I like to go on job interviews wearing an eye patch and switch eyes when the interviewer looks down.
When coining nicknames, be sure it reflects how that person has impacted your life. For example, my two sons Buzzkill and Third Mortgage.
Women aren’t hard to read
For example: When she looks you in the eyes, puts her hair in a ponytail, then starts throwing all your shit out
You’re done bro
My chiropractor is a crack addict.
every night i say to my husband, “go up without me, I have to take my vitamins” but I’m just eating cookie dough
*walks into HR wearing a Princess Leia bikini
“Have you forgotten your password?”
Fish: 😔
texting my crush “hey infant” instead of baby so they know i’m smart and regularly use my thesaurus
It’s Tuesday already? Time to sacrifice another intern to X’sel, Demon Lord of Accounts Receivable. Bless my spreadsheets, oh dark one!

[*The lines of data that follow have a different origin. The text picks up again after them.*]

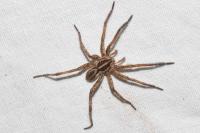 Hogna radiata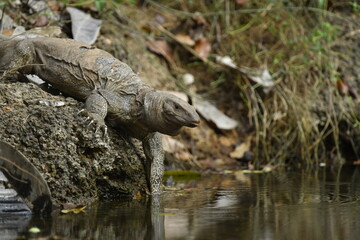 Monitor lizards are lizards in the genus Varanus, the only extant genus in the family Varanidae. They are native to Africa, Asia, and Oceania.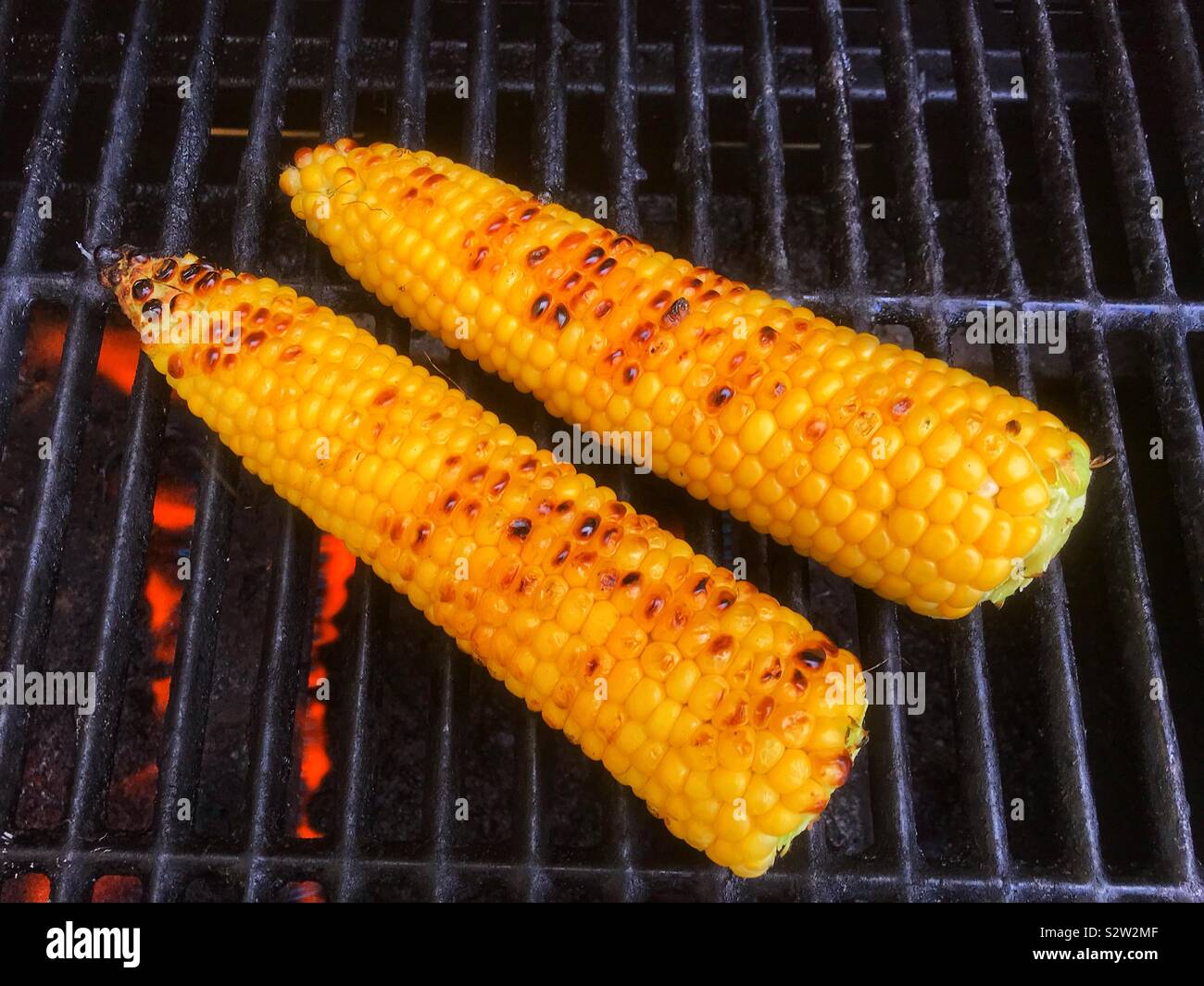 Barbecue corn cobs Stock Photo Alamy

Women dressed head to toe in animal print just bumped into me, thought I was being attacked my an obese leopard.
Gave this artichoke the heimlich maneuver and now he’s artiokay.
Death: I’ve come for you.
Me: That’s what she said.
D (bursts out laughing): You get me with that one every time! Ok, see ya.
Me: Why am I suddenly sick?
Friend: Probably the change in the Weather
[earlier]
Weather: *uncharacteristically puts poison in my coffee*
First date – I’ll have an ice water and a lettuce wedge
Tenth date – I’ll have a large pizza, extra cheese. What do you want, honey?
doctor who has a passion for magic, during a colonoscopy: is this your card?
Why do girls keep giving me their fax numbers?
[typing in parental control pin]
5: why do you go so fast? I’m trying to see it. I know it ends with 3, 4 but nothing I’ve tried works
ACCOUNTANT: you have a lot of outstanding debt
ME: thanks i worked really hard on it
If insanity is doing the same thing over & over and expecting different results, I must be sane cause I don’t even like doing things once.
Carrot raisin salad. When you want to eat something horrible, 3 times.
The pilot’s been taxiing to our gate for 20 minutes, so apparently he landed at the wrong airport and we are driving the rest of the way.